- _Dataset extract_
******

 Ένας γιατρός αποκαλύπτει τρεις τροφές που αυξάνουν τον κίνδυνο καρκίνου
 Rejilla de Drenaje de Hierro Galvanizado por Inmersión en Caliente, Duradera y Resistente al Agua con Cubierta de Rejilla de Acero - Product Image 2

******

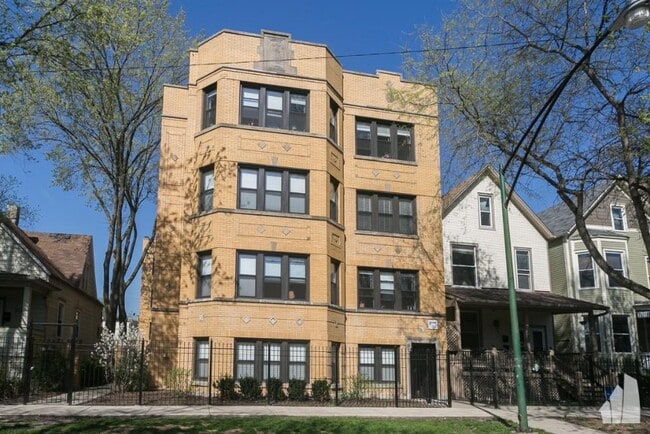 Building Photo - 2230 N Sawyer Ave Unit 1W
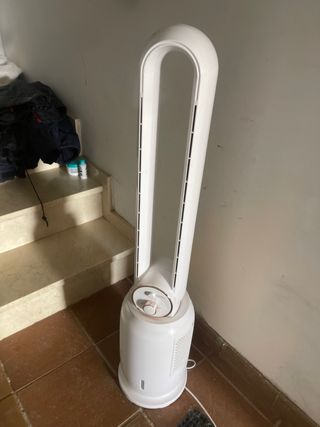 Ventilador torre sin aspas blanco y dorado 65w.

******

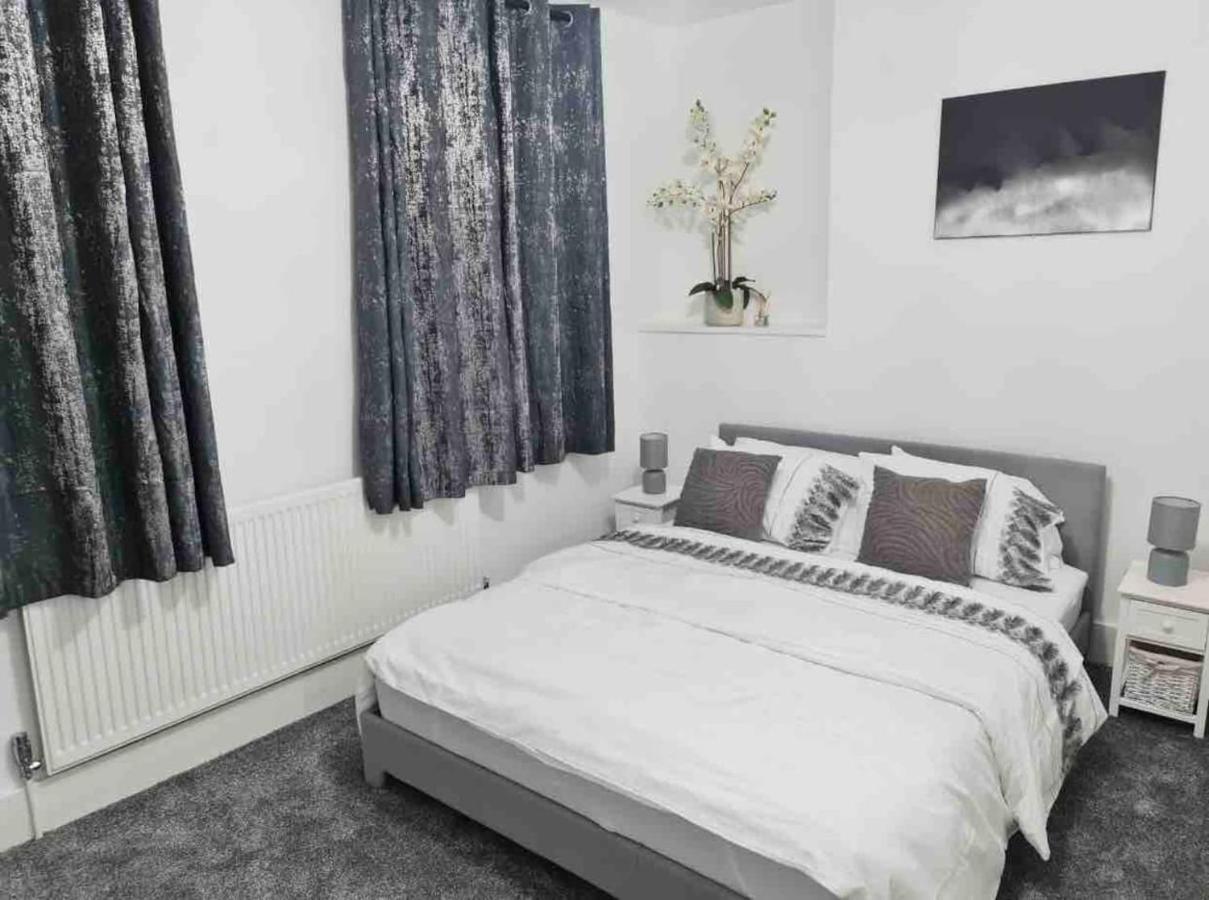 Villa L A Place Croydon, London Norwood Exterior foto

******

- _Your task_
Your answer should be the lines above, from the line containing "Ένας γιατρός αποκαλύπτει" up to and including the line containing "Rejilla de Drenaje", reproduced exactly and with nothing else.

- _Response box_
 Ένας γιατρός αποκαλύπτει τρεις τροφές που αυξάνουν τον κίνδυνο καρκίνου
 Rejilla de Drenaje de Hierro Galvanizado por Inmersión en Caliente, Duradera y Resistente al Agua con Cubierta de Rejilla de Acero - Product Image 2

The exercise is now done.